Two lines in the listing below mark the span: one contains "Transitional Design Online" and one contains "Pelikan Souveran Ballpoint". Reproduce both of them and everything between, exactly.

____

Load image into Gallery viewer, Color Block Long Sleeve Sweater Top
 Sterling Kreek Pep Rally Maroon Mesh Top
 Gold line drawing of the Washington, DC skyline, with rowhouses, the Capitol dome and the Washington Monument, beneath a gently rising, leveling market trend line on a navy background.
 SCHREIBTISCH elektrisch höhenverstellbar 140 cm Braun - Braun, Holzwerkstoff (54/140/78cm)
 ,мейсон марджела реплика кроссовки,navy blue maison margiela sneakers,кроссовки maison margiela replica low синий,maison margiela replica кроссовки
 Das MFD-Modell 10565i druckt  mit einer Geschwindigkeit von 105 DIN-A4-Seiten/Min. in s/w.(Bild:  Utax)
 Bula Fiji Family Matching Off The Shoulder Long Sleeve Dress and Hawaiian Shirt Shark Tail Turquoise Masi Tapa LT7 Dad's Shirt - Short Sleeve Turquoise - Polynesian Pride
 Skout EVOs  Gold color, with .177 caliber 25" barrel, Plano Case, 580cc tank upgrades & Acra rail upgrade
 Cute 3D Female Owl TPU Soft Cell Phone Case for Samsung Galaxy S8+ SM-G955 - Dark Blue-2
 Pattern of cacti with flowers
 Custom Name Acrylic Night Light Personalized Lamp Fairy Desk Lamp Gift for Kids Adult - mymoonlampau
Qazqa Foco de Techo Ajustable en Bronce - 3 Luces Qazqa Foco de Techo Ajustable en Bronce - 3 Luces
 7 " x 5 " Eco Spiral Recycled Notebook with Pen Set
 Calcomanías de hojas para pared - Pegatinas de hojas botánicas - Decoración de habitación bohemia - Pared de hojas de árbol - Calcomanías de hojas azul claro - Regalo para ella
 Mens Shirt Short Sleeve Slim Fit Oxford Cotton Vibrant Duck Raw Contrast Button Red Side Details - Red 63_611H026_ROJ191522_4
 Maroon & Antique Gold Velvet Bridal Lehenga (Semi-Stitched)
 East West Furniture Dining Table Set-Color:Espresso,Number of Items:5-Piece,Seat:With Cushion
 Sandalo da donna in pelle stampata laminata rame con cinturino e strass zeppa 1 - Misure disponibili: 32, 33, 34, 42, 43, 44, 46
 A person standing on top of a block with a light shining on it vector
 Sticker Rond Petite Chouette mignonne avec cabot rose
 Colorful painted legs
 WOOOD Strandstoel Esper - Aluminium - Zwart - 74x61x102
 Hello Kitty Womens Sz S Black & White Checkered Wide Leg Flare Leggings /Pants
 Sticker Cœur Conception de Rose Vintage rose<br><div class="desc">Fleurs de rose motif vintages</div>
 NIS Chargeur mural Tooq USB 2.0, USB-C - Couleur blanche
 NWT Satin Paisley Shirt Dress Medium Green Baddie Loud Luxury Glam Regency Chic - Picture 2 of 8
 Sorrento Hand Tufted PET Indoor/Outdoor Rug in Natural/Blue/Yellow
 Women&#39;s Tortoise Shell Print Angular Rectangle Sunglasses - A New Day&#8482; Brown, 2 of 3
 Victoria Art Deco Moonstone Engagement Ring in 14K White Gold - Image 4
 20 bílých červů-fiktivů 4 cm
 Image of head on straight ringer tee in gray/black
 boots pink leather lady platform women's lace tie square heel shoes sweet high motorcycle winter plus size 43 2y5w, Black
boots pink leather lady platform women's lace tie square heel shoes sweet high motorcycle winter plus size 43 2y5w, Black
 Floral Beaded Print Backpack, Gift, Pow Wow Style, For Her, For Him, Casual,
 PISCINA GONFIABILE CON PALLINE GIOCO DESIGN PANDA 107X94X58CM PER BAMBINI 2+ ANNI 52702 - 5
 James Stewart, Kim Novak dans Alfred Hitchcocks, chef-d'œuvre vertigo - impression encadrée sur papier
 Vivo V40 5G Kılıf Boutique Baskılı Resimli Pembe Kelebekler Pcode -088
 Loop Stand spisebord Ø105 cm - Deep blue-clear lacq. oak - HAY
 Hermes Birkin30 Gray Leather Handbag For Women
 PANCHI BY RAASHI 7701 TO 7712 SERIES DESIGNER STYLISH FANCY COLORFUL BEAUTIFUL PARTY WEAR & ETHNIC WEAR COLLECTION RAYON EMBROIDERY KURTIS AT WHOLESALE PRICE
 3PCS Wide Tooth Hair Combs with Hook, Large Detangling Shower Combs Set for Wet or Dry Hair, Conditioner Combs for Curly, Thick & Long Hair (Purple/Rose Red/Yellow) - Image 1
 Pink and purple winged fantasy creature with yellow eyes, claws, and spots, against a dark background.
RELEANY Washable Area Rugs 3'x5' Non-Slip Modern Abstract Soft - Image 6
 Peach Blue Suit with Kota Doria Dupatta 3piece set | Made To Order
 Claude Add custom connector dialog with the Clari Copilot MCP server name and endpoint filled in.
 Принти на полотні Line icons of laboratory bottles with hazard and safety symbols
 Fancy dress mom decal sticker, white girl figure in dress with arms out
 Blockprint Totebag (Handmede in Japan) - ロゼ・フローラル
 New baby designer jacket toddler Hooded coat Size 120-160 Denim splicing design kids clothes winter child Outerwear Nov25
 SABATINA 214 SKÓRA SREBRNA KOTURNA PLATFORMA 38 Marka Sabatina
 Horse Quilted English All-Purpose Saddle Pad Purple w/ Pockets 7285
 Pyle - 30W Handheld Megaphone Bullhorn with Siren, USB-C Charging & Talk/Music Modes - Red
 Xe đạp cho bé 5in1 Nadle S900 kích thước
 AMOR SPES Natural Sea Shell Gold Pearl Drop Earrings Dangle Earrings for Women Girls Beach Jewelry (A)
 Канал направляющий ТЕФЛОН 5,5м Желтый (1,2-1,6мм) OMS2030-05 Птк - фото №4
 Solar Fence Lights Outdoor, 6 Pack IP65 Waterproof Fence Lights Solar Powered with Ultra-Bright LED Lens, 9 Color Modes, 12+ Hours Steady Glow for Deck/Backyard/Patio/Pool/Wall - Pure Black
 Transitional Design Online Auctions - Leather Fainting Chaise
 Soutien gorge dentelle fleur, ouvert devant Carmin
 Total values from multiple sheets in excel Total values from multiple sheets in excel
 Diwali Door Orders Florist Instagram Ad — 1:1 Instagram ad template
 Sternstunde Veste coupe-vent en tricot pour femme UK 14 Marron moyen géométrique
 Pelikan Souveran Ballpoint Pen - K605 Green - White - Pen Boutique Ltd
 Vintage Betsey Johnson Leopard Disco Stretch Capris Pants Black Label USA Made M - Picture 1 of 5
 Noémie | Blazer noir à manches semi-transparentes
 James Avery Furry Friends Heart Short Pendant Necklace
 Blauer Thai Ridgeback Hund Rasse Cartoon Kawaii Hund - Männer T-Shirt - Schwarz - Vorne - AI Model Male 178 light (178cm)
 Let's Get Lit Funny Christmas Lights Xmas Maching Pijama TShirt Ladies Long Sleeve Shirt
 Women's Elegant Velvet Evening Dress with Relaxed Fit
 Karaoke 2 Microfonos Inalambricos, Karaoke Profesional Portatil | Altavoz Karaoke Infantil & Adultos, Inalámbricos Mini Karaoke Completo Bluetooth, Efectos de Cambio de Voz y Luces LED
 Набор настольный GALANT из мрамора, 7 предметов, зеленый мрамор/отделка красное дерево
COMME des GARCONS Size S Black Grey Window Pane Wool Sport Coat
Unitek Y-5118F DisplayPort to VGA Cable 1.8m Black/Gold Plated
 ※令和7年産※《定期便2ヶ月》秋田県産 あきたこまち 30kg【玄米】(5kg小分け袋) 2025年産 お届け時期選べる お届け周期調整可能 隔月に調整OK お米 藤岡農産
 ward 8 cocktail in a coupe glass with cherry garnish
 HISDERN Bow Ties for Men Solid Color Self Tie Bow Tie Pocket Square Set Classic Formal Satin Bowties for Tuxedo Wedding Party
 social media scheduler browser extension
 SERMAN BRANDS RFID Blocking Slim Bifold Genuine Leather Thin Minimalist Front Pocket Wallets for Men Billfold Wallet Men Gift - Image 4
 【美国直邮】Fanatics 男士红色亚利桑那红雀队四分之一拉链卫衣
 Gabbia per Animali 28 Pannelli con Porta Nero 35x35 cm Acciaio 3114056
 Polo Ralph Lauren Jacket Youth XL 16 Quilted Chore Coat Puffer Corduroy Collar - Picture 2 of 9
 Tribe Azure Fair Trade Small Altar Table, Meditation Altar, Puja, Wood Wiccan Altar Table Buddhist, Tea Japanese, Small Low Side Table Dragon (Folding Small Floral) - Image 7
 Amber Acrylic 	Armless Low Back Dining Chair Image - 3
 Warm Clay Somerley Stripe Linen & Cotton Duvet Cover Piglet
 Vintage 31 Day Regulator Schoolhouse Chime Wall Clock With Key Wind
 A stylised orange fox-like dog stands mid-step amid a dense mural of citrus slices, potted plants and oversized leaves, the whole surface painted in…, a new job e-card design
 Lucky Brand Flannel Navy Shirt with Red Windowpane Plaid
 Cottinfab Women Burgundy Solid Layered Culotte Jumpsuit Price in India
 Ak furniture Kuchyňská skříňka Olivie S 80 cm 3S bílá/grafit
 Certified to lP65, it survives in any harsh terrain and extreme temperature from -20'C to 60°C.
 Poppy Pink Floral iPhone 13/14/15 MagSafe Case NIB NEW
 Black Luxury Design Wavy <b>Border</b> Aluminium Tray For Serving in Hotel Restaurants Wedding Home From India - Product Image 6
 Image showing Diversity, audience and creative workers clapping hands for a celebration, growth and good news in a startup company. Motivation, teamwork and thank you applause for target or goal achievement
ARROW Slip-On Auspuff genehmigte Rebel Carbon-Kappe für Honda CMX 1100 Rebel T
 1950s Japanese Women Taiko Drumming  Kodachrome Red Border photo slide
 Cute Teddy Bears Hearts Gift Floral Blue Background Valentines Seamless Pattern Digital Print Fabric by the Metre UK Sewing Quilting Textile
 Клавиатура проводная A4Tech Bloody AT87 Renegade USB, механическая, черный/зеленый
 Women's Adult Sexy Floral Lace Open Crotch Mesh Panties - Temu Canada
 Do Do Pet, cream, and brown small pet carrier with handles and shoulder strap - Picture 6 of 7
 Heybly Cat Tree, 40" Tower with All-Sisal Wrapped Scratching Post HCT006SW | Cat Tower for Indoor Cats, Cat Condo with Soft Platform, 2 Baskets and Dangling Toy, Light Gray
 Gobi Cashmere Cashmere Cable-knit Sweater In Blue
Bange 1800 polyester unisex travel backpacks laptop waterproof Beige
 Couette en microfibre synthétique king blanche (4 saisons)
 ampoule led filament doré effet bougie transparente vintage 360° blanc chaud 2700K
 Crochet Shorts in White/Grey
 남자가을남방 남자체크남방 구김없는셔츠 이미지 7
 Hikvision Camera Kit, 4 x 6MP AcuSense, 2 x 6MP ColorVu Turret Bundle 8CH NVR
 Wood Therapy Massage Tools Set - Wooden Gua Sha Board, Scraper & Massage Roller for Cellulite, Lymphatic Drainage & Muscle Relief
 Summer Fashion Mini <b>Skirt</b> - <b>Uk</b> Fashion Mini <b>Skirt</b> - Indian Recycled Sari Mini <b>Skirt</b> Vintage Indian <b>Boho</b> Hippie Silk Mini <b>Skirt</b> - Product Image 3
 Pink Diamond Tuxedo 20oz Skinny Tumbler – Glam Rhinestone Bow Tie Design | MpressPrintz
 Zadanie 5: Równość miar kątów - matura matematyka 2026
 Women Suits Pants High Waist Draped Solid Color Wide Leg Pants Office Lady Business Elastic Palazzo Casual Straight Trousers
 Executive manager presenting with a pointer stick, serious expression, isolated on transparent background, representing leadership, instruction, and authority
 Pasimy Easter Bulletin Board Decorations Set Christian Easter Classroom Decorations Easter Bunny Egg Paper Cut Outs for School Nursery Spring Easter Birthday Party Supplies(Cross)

____

§ Answer space
 Transitional Design Online Auctions - Leather Fainting Chaise
 Soutien gorge dentelle fleur, ouvert devant Carmin
 Total values from multiple sheets in excel Total values from multiple sheets in excel
 Diwali Door Orders Florist Instagram Ad — 1:1 Instagram ad template
 Sternstunde Veste coupe-vent en tricot pour femme UK 14 Marron moyen géométrique
 Pelikan Souveran Ballpoint Pen - K605 Green - White - Pen Boutique Ltd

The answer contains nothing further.